One of the most visible outcomes came from comedian, television personality, and delegate W. Kamau Bell, who was seeing the US-Mexico border for the first time. He witnessed how dead migrant bodies found in the desert are processed, and observed seventy immigrants being deported at the border. This profound experience became the subject of an episode of his Emmy-winning CNN original documentary miniseries United Shades of America, which aired in April 2018.

Another key voice Rodriguez has amplified is that of Julio Salgado. When Rodriguez met Salgado he was working at Chipotle, full of ideas but lacking a substantial outlet for his artistic vision. Rodriguez helped him bring his vision to life, coaching and eventually hiring him as CultureStrike’s first employee. Working with Rodriguez, and with time, space, and financial support, Salgado’s creative vision has taken off. With Dreamers Adrift—a group of artists dedicated to taking back undocumented narratives through video, visual art, music, spoken word, and poetry—he has traveled the country as an artist and lecturer, and is a nationally recognized “undocu-queer” practicing artist whose work focuses on undocumented immigrants and queer activism.

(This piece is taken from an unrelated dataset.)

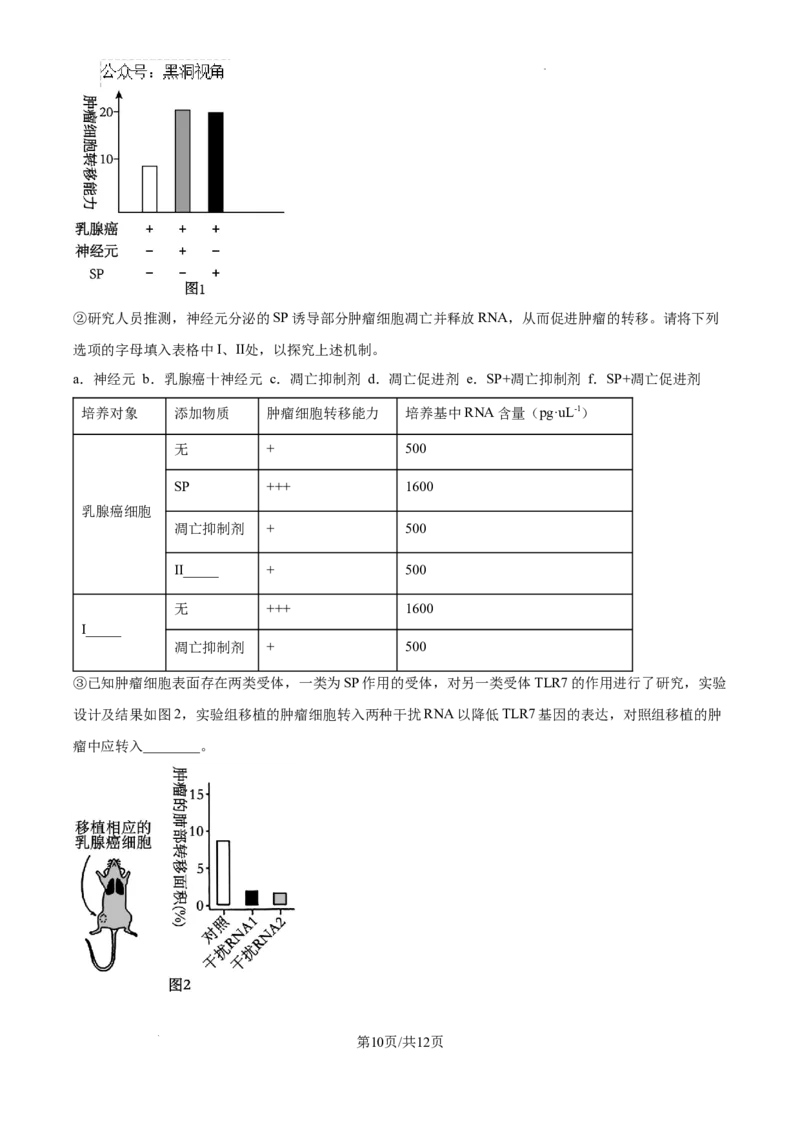 北京市通州区2025届高三上学期11月期中质量检测生物_2024-2025高三（6-6月题库）_2024年12月试卷_1218北京市通州区2025届高三上学期11月期中质量检测试卷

Favianna Rodriguez and CultureBank

Rodriguez aspires to codify her artistic-entrepreneurial framework, creating a curriculum and a series of training modules that can be replicated and distributed, with the aim of spreading the knowledge she has gained from decades of work as an artist and activist. CultureStrike is an artist-led enterprise that has had great success in reclaiming immigrant narratives to be more accurate and truthful. Its impact is evident in projects like the trip to Arizona, where she was able to influence fifty artists and culture makers, and in her personal work mentoring individual artists like Julio Salgado. CultureBank can support Rodriguez’s work and the work of artists like her who are in a position to have great impact on their communities, but need help to propagate a culture of equity—empowering marginalized individuals to see themselves in a new light.